The block hash can be computed from BlockHeaderLight using the following function:

fn compute_block_hash(block_header_lite: &BlockHeaderLight) -> Hash {
sha256(concat(
sha256(concat(
sha256(block_header_lite.inner_lite.hash()),
sha256(block_header_lite.inner_rest_hash)
)),
block_header_lite.prev_hash
))
}

The expected block merkle root can be computed as follows:

block_hash = compute_block_hash(block_header_lite);
block_merkle_root = compute_root(block_hash, block_proof);

The computed block merkle root must match the block merkle root stored in the light client block of the light client head.

Root Computation

The compute_root function is used to calculate the root hash based on a given node and merkle path.
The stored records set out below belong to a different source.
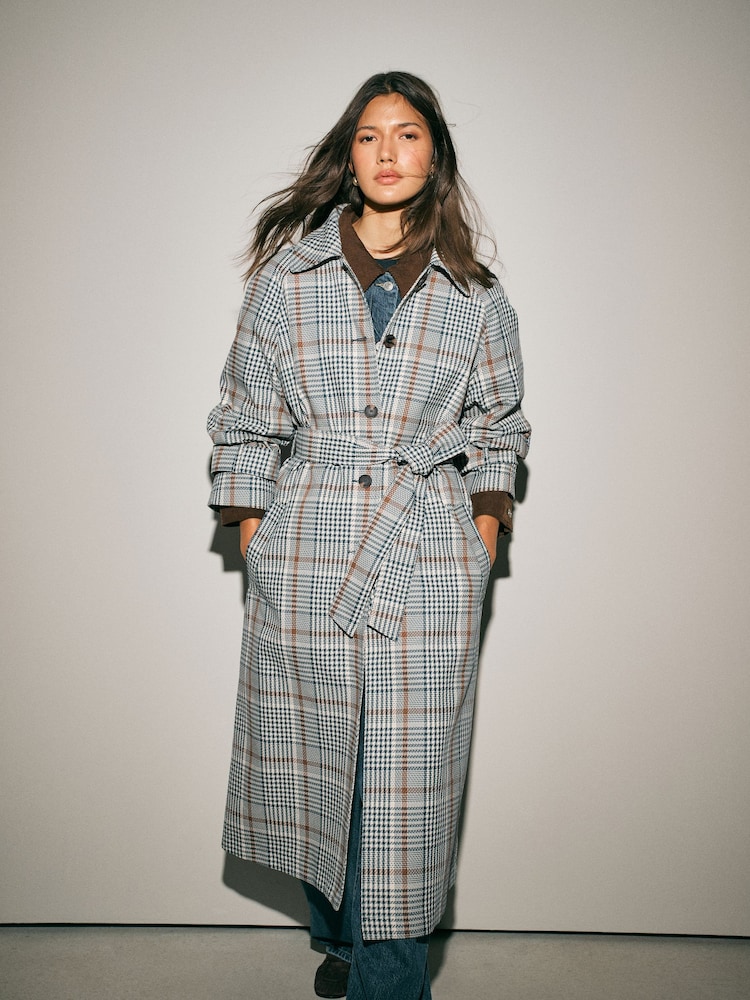 Kariert, Neutral - Belted Midi Trench Coat - Bild 1 von 10 Kariert, Neutral - Belted Midi Trench Coat - Bild 1 von 10
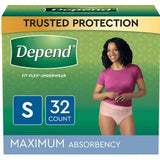 Image of Depend® FIT-FLEX® Incontinence Underwear for Women. Blush Color, Maximum Absorbency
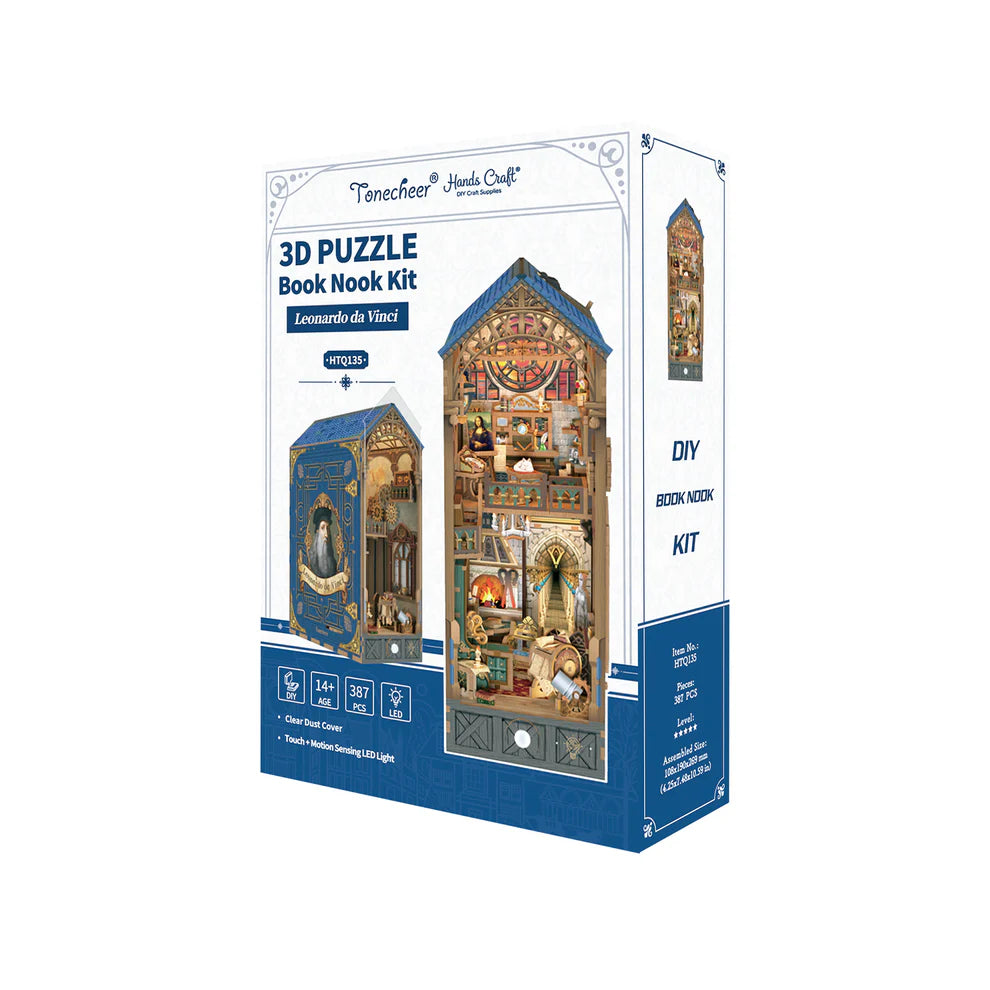 Packaging for Leonardo da Vinci book nook kit.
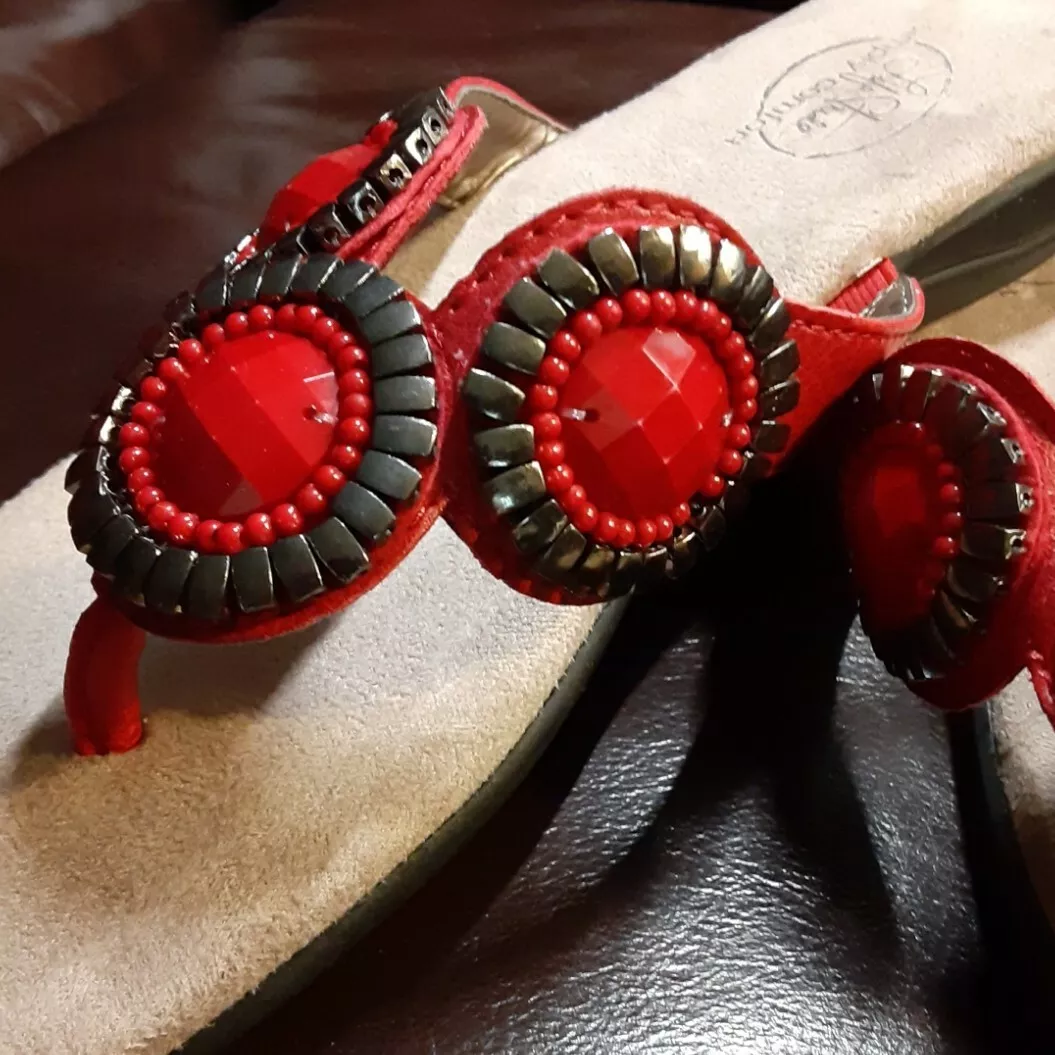Red Beaded 7M Womens Estella Open Toe Casual Slide Sandals NWOT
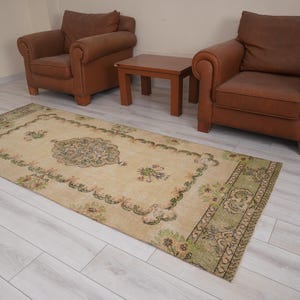 Oushak Runner 3x8,Vintage Runner Rug,Turkish Rug Runner,3x8 Runner Rug,Faded Rug,Vintage Rug 3x8,Turkish Runner,Muted Rug,Wool Runner,752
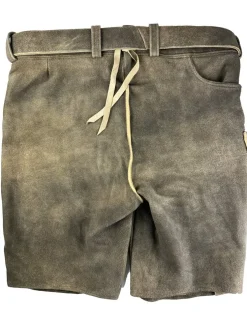 Buchberger Kurze Lederhose "Schorsch 1" mit Gürtel | Ziegenvelours Granit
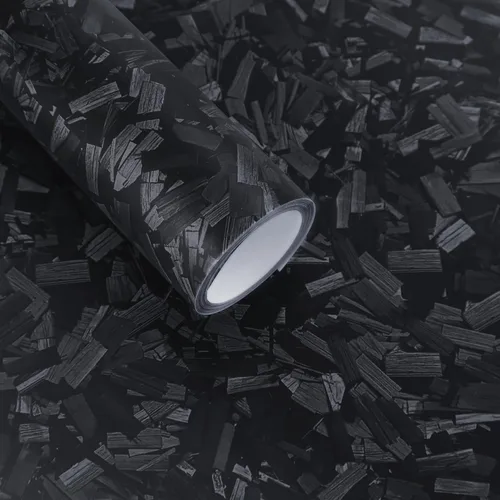 Lypumso Rollo de vinilo de fibra de carbono forjado negro mate, antiarrugas, libre de burbujas, calcomanía de repuesto para auto, vinilo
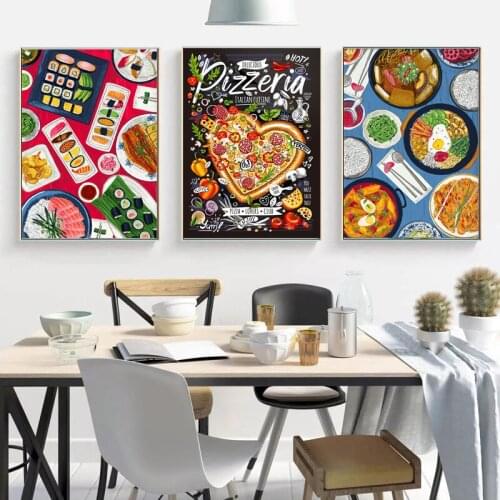 Various Foods Posters Canvas Painting Unframed Print Picture Minimalist Art Wallpaper Craft for Bedroom Dining Hall Decoration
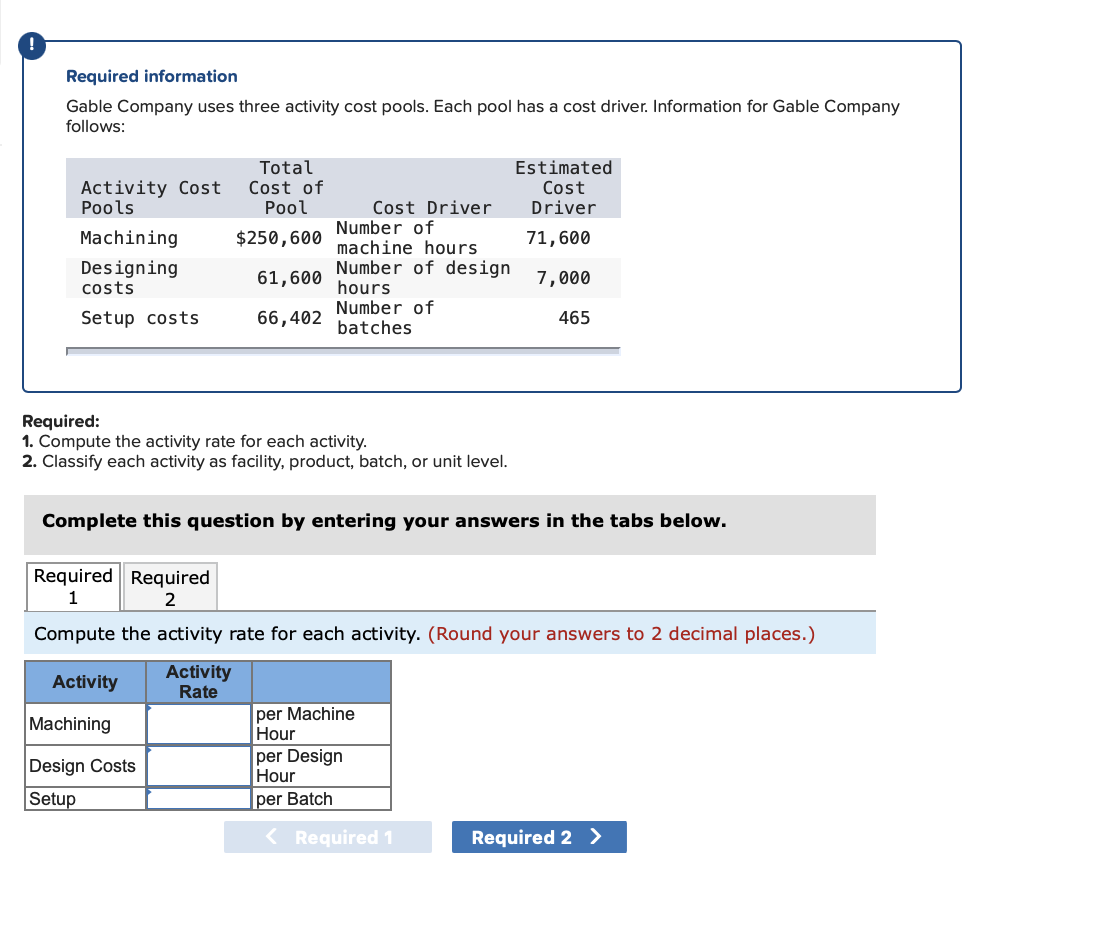 Solved Required Information Gable Company Uses Three | Chegg.com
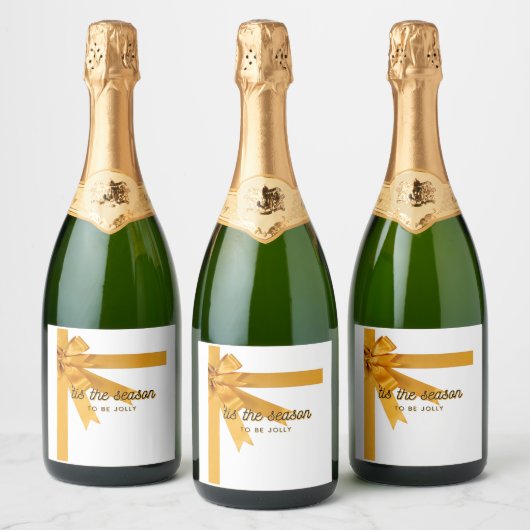 Dit is het seizoen gouden mousserende wijn label sparkling wijnetiket (Flessen)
It iterates over the merkle path items and combines the hashes to compute the root hash.

fn compute_root(node: &Hash, path: MerklePath) -> Hash {
let mut hash: Hash = *node;
for item in path.items {
hash = match item.direction {
MERKLE_PATH_LEFT => sha256(concat(item.hash(), hash)),
MERKLE_PATH_RIGHT => sha256(concat(hash, item.hash())),
}
.try_into()
.unwrap()
}
return hash;
}

By following these steps and utilizing the provided data structures and functions, the Prover contract ensures the validity and integrity of the proofs for events on the specified chain.